Downregulation of DAB2IP results in cell proliferation and invasion and contributes to unfavorable outcomes in bladder cancer.

Cancer Sci

Department of Urology, Fudan University Shanghai Cancer Center, Shanghai, China; Department of Oncology, Shanghai Medical College, Fudan University, Shanghai, China.

Published: June 2014

AI Article Synopsis

  • DAB2IP is a protein linked to poor outcomes in various cancers, including urothelial carcinoma of the bladder, where its low expression correlates with more aggressive disease features.
  • In a study of 135 bladder cancer patients, lower levels of DAB2IP were significantly associated with higher tumor stage, grade, larger tumor size, and presence of aggressive histological variants.
  • Knockdown of DAB2IP in lab experiments led to increased cancer cell proliferation and invasion, suggesting it may be a useful biomarker for assessing patient prognosis after treatment.

Article Abstract

The DOC-2/DAB2 interactive protein (DAB2IP) is a member of the Ras GTPase-activating protein family. It has been shown to be often downregulated and a poor prognostic factor in several human malignancies. In this study, we analyzed the clinicopathological features and outcomes of DAB2IP expression in 135 patients with urothelial carcinoma of the bladder (UCB) treated by radical cystectomy plus bilateral lymph node dissection, and evaluated the effect of DAB2IP knockdown in vitro using the MTT method, colony formation assay, cell cycle assay, and cell migration and invasive assay. We found low expression of DAB2IP was significantly associated with high pathological stage (P = 0.002), high pathological grade (P = 0.02), tumor size more than 3 cm (P = 0.04), and presence of histological variants (P = 0.01). DAB2IP was an independent prognostic factor of disease recurrence (hazard ratio, 2.67; P = 0.034) and cancer-specific survival (hazard ratio, 2.79; P = 0.038). Knockdown of DAB2IP could promote cell proliferation, migration, and invasion.

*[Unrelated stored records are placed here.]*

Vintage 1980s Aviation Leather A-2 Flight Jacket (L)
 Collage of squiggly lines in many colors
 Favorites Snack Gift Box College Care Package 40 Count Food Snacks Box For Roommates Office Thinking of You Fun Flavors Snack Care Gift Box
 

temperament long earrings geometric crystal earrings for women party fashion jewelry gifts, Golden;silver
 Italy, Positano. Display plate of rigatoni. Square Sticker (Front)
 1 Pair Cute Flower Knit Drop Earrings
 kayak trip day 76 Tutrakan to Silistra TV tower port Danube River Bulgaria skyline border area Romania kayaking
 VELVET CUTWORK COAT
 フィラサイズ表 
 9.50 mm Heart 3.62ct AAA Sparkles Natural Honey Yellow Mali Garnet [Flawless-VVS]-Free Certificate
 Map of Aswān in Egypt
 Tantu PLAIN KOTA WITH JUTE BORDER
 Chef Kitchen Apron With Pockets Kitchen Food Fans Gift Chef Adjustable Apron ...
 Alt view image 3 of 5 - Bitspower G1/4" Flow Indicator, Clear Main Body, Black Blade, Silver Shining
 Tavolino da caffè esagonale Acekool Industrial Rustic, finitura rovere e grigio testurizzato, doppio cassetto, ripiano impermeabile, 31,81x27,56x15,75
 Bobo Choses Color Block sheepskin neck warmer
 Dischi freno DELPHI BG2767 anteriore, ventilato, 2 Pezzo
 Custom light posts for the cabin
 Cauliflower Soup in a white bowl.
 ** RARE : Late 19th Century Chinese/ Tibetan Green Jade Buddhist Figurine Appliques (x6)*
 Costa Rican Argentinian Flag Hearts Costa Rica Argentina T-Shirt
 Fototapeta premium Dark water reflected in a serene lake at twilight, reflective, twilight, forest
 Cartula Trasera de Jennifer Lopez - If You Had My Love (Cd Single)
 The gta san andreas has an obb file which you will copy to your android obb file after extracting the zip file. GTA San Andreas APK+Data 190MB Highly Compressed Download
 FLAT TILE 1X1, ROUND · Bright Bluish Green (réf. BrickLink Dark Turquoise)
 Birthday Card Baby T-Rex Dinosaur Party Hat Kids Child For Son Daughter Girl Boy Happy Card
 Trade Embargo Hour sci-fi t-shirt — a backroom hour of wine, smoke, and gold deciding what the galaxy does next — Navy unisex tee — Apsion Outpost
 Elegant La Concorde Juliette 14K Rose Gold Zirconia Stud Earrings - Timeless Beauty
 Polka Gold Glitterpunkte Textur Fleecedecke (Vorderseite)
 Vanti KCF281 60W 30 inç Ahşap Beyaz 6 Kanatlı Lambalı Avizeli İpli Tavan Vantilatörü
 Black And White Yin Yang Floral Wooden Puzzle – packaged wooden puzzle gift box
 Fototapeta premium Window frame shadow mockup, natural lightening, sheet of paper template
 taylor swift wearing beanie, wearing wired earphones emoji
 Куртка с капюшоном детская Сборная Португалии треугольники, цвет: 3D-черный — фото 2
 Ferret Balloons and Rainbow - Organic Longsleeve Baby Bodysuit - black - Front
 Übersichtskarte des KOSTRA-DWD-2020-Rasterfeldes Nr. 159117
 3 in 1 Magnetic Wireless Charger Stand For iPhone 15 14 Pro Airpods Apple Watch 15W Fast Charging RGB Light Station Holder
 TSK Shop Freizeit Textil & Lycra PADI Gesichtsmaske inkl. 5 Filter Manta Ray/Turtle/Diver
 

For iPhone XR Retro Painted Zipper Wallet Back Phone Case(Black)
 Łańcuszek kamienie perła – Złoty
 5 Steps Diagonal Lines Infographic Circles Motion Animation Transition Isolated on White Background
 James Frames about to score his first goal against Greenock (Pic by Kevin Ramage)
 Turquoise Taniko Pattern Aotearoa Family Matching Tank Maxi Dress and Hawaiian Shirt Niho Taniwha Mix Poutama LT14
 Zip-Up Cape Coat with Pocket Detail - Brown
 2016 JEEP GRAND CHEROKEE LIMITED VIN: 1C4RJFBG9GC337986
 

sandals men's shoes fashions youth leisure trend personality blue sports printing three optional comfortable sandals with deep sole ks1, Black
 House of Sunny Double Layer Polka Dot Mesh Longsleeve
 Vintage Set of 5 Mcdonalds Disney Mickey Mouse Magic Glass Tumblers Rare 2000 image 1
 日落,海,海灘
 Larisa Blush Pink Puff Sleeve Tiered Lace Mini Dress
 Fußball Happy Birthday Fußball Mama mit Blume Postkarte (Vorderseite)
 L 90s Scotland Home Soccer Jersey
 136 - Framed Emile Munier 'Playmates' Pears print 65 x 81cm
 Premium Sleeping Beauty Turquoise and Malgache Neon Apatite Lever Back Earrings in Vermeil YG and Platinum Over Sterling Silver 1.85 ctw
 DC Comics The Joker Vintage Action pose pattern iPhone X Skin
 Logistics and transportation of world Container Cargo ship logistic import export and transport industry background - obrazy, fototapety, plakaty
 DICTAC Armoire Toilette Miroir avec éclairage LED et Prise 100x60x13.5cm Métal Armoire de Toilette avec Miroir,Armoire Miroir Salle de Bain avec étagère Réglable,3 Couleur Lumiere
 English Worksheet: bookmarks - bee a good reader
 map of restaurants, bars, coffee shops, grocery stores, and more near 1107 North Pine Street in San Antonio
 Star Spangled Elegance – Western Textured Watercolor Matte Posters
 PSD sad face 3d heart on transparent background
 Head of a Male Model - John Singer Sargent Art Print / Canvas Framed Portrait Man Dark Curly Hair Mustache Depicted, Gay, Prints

Downregulation of DAB2IP could activate the ERK and Akt pathways and was correlated with the expression of epithelial-mesenchymal transition markers, such as E-cadherin and vimentin. In conclusion, downregulation of DAB2IP is associated with features of biologically aggressive UCB and results in cell proliferation, migration, and invasion of bladder cancer. DAB2IP may serve as a promising biomarker in patients with UCB treated by radical cystectomy and bilateral lymph node dissection.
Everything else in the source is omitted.